Among the lines below, take the one holding "small flat for", the one holding "4 bedroom Flat", and all lines between them. Set them down exactly.

*The data:*
★ ★ ★
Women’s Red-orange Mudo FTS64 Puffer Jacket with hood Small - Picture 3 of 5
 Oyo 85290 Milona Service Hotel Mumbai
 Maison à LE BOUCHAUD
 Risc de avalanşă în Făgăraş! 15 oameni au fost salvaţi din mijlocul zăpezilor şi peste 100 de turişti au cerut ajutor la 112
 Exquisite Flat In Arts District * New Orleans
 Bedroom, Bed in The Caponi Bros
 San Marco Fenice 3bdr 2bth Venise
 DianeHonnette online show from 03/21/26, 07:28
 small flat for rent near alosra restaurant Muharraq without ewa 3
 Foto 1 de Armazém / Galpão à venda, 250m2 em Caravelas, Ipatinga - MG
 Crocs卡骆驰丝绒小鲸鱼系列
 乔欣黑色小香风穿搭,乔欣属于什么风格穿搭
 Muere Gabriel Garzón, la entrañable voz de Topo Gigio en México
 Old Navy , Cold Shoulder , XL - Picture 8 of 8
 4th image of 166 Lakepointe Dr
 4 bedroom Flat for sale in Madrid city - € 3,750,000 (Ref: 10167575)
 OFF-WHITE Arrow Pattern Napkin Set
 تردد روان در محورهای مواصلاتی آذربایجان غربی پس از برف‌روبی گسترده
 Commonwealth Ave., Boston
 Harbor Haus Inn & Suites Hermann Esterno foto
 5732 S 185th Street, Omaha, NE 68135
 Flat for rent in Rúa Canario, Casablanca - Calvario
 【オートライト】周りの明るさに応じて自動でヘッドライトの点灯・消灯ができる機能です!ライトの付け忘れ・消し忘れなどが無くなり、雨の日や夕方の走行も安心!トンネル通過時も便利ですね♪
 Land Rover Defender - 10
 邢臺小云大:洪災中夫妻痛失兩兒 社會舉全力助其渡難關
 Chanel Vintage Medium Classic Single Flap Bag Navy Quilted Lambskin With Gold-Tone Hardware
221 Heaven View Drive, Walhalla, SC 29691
★ ★ ★
*Output:*
 small flat for rent near alosra restaurant Muharraq without ewa 3
 Foto 1 de Armazém / Galpão à venda, 250m2 em Caravelas, Ipatinga - MG
 Crocs卡骆驰丝绒小鲸鱼系列
 乔欣黑色小香风穿搭,乔欣属于什么风格穿搭
 Muere Gabriel Garzón, la entrañable voz de Topo Gigio en México
 Old Navy , Cold Shoulder , XL - Picture 8 of 8
 4th image of 166 Lakepointe Dr
 4 bedroom Flat for sale in Madrid city - € 3,750,000 (Ref: 10167575)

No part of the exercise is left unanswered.